== WHAT THE EXERCISE ASKS ==
A word-for-word transcription of all the data is required.

== EXERCISE DATA ==
-------------------------

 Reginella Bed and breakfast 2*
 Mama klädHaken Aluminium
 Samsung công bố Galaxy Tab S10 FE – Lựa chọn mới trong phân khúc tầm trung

-------------------------

== TASK ANSWER ==
 Reginella Bed and breakfast 2*
 Mama klädHaken Aluminium
 Samsung công bố Galaxy Tab S10 FE – Lựa chọn mới trong phân khúc tầm trung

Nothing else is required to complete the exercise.